(Given information begins)

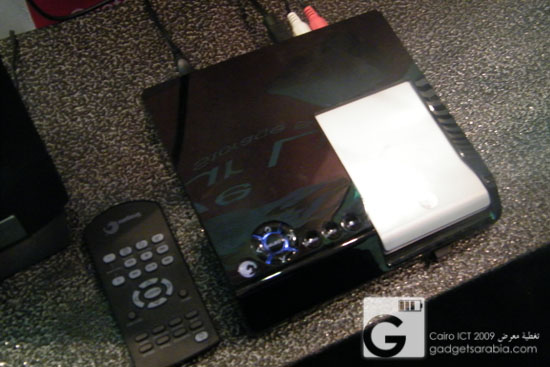 seagate_freeagent_theater-2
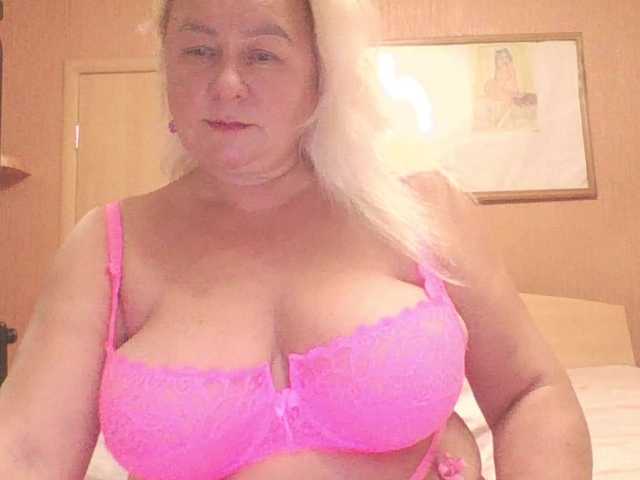 mirarobens1 live sex show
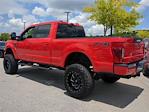 2022 Ford F-350 Crew Cab SRW 4WD Pickup for sale #P7362 - photo 7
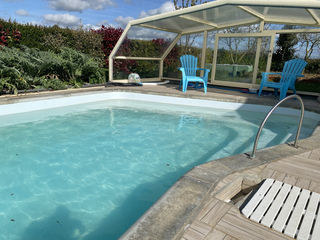  Maison � vendre 7 pi�ces 150 m�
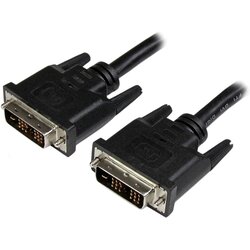 DVI-D kabal 18+1Pin 1.8m Cene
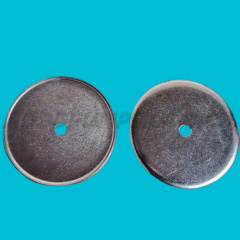 92752 Piston CARBON STEEL Fit ARO Pumps Parts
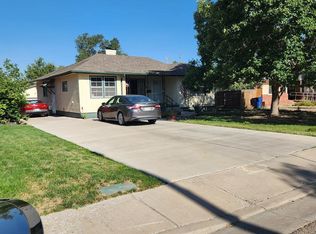 2107 Oakland Ave, Pueblo, CO 81004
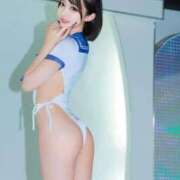 みらい まだまだ！ 変態なんでも鑑定団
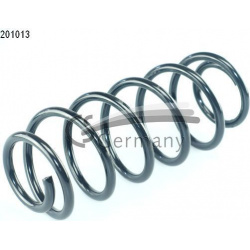 spyruoklė
                                CS Germany                                                14201013, CS Germany, 14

(Given information ends)

Problem statement> Retype each line above exactly and leave out any picture.

Task result>
 seagate_freeagent_theater-2
 mirarobens1 live sex show
 2022 Ford F-350 Crew Cab SRW 4WD Pickup for sale #P7362 - photo 7
  Maison � vendre 7 pi�ces 150 m�
 DVI-D kabal 18+1Pin 1.8m Cene
 92752 Piston CARBON STEEL Fit ARO Pumps Parts
 2107 Oakland Ave, Pueblo, CO 81004
 みらい まだまだ！ 変態なんでも鑑定団
 spyruoklė
                                CS Germany                                                14201013, CS Germany, 14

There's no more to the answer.